Information supplied section start
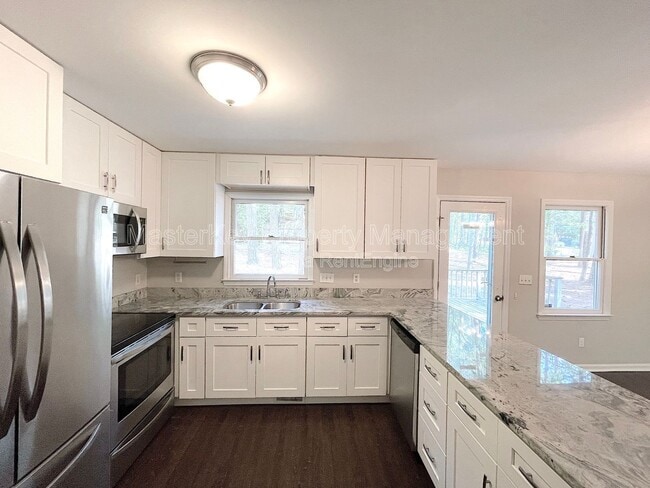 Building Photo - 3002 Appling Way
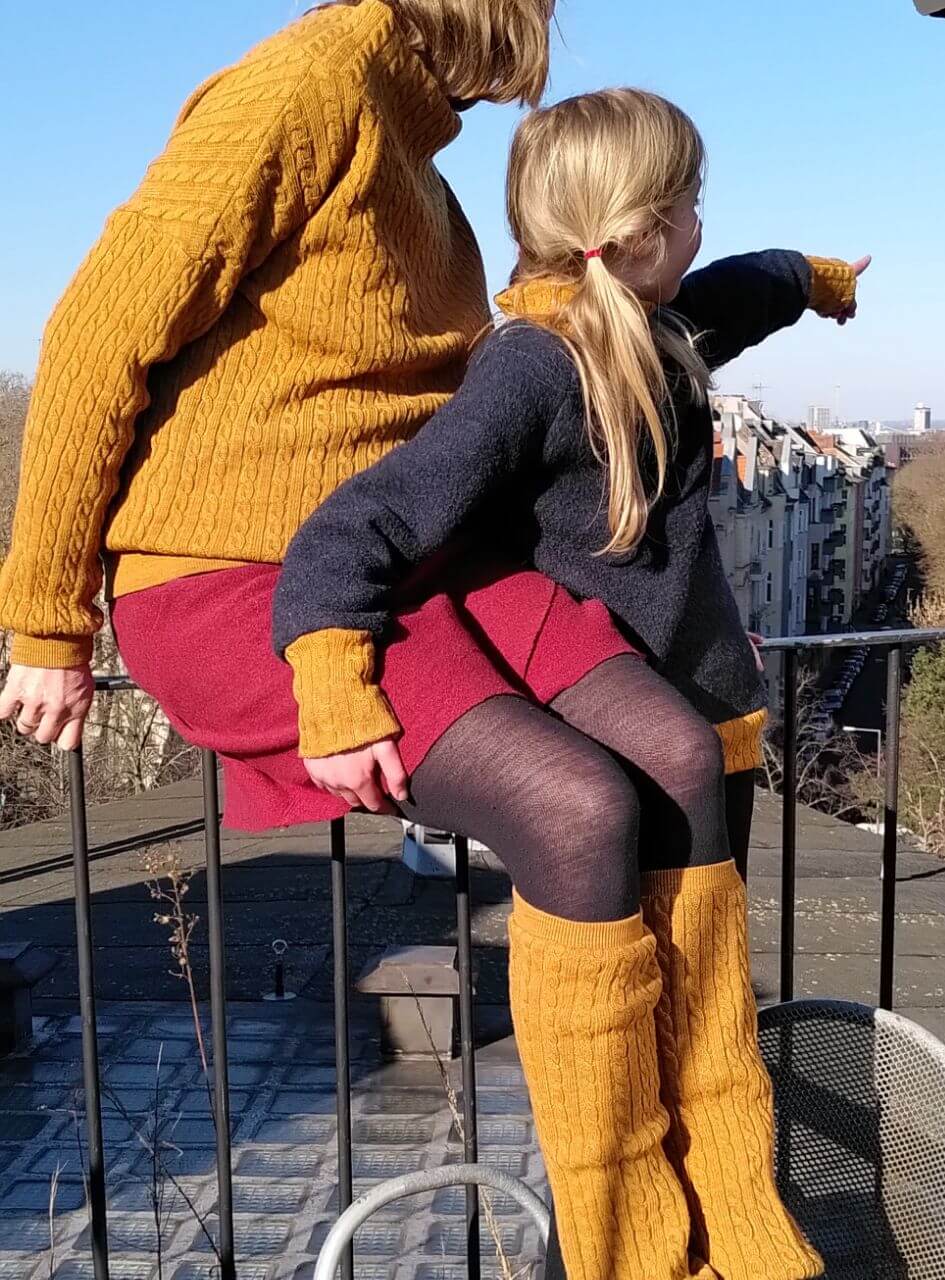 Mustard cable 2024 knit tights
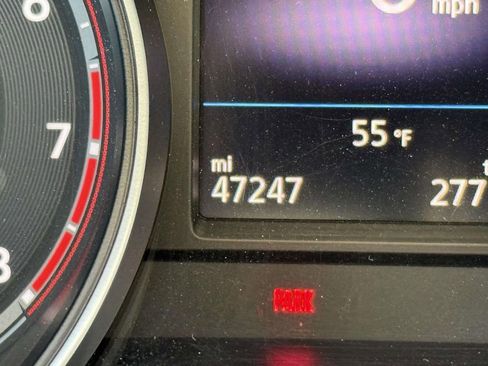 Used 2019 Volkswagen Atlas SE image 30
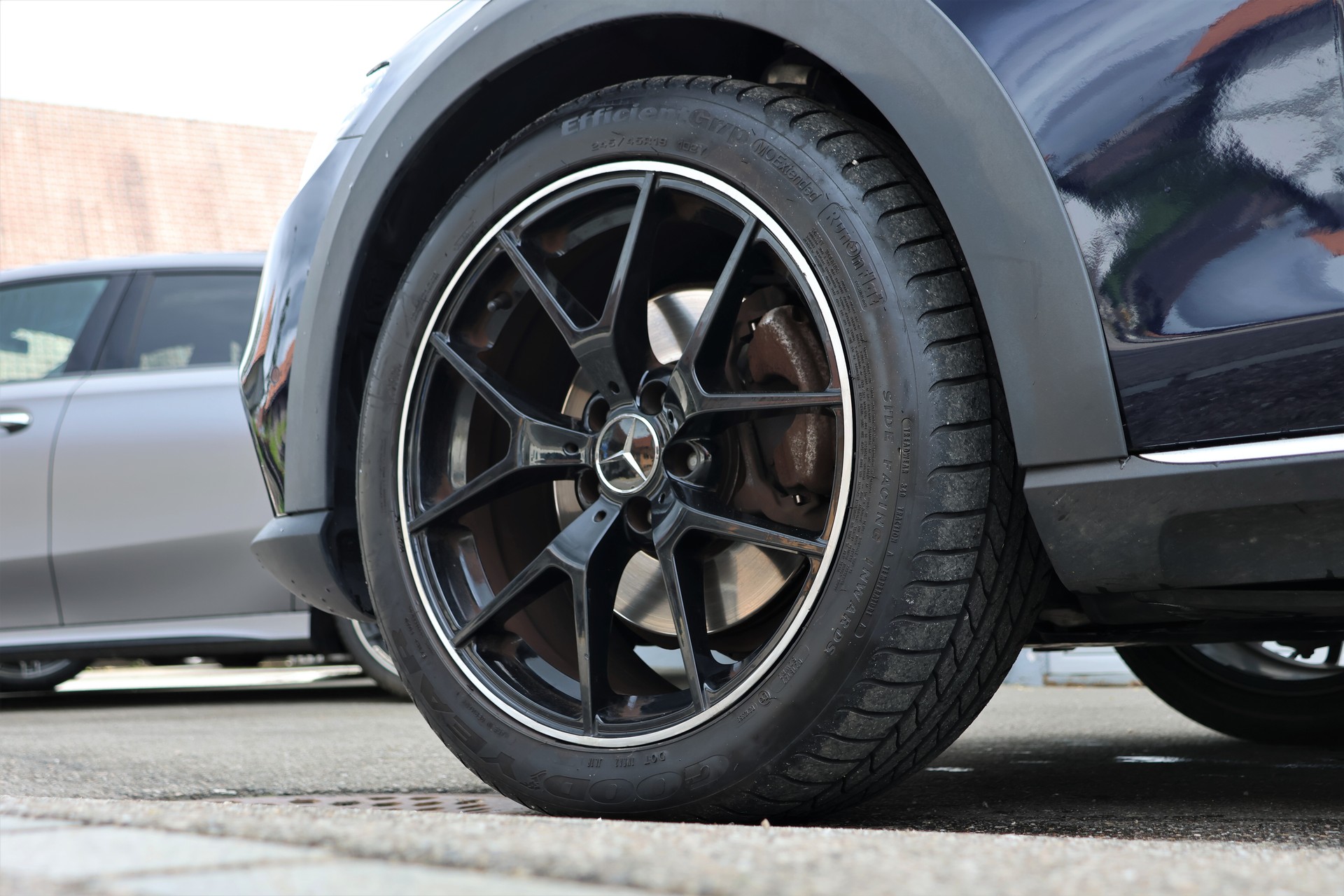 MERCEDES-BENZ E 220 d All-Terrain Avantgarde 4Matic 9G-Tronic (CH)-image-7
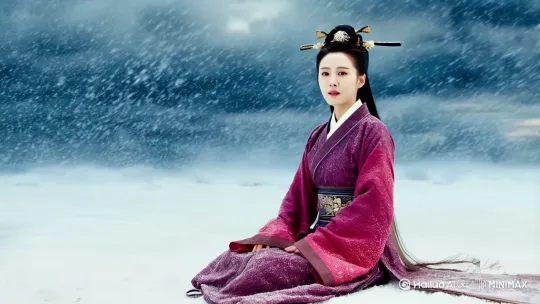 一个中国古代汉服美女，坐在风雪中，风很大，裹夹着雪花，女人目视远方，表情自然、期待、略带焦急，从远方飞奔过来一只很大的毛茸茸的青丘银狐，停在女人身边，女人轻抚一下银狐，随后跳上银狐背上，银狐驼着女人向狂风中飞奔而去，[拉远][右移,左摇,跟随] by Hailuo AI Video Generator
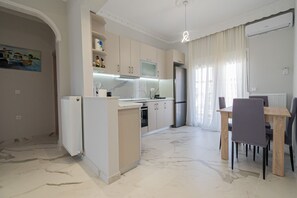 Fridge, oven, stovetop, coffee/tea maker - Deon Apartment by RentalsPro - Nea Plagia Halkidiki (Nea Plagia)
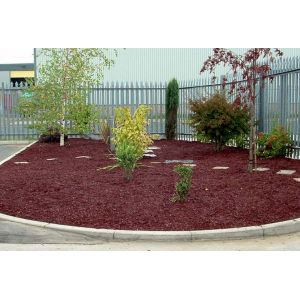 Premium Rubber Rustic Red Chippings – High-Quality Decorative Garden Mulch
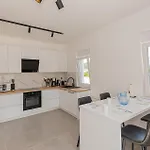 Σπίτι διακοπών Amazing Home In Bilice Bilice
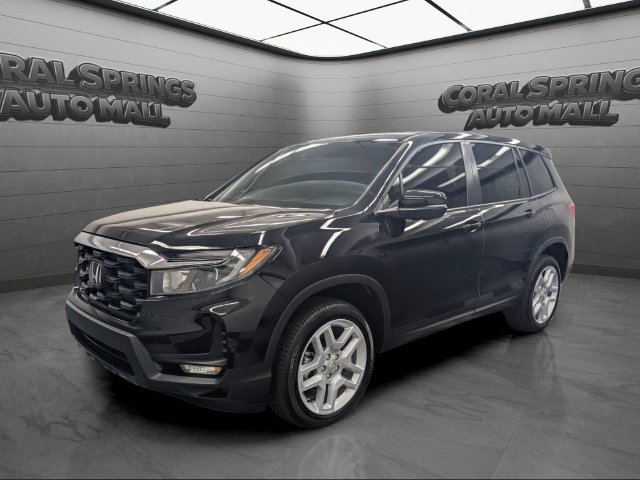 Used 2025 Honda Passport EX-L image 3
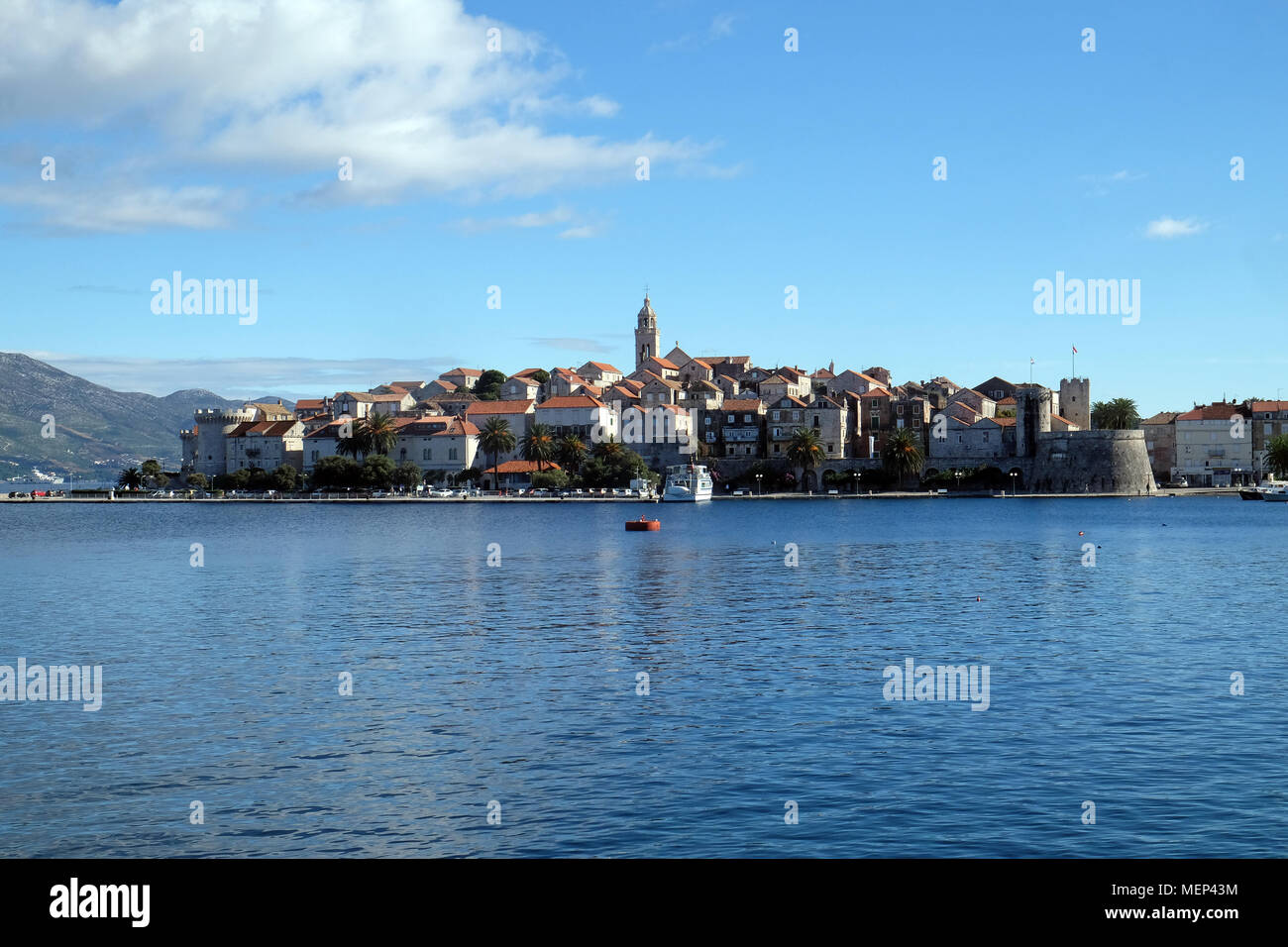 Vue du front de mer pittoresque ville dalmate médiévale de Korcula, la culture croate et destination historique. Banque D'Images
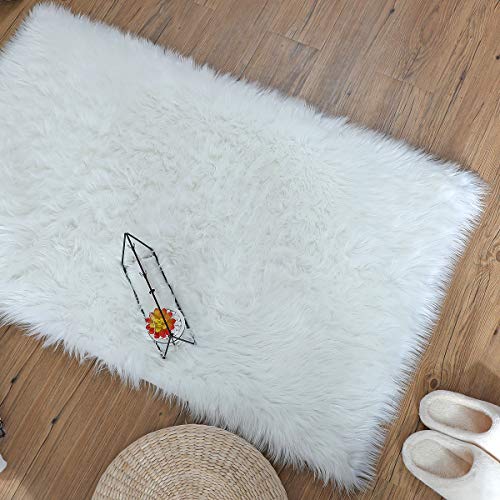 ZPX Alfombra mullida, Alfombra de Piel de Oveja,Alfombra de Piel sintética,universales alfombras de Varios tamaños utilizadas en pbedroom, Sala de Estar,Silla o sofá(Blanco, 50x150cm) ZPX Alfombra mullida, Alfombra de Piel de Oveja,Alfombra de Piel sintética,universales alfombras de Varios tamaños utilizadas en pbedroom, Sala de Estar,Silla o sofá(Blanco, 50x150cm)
Information supplied section end
- **Aim of the task**:
Every record above must be copied exactly, and no picture may appear in the copy.

- **Result of the exercise**:
 Building Photo - 3002 Appling Way
 Mustard cable 2024 knit tights
 Used 2019 Volkswagen Atlas SE image 30
 MERCEDES-BENZ E 220 d All-Terrain Avantgarde 4Matic 9G-Tronic (CH)-image-7
 一个中国古代汉服美女，坐在风雪中，风很大，裹夹着雪花，女人目视远方，表情自然、期待、略带焦急，从远方飞奔过来一只很大的毛茸茸的青丘银狐，停在女人身边，女人轻抚一下银狐，随后跳上银狐背上，银狐驼着女人向狂风中飞奔而去，[拉远][右移,左摇,跟随] by Hailuo AI Video Generator
 Fridge, oven, stovetop, coffee/tea maker - Deon Apartment by RentalsPro - Nea Plagia Halkidiki (Nea Plagia)
 Premium Rubber Rustic Red Chippings – High-Quality Decorative Garden Mulch
 Σπίτι διακοπών Amazing Home In Bilice Bilice
 Used 2025 Honda Passport EX-L image 3
 Vue du front de mer pittoresque ville dalmate médiévale de Korcula, la culture croate et destination historique. Banque D'Images
 ZPX Alfombra mullida, Alfombra de Piel de Oveja,Alfombra de Piel sintética,universales alfombras de Varios tamaños utilizadas en pbedroom, Sala de Estar,Silla o sofá(Blanco, 50x150cm) ZPX Alfombra mullida, Alfombra de Piel de Oveja,Alfombra de Piel sintética,universales alfombras de Varios tamaños utilizadas en pbedroom, Sala de Estar,Silla o sofá(Blanco, 50x150cm)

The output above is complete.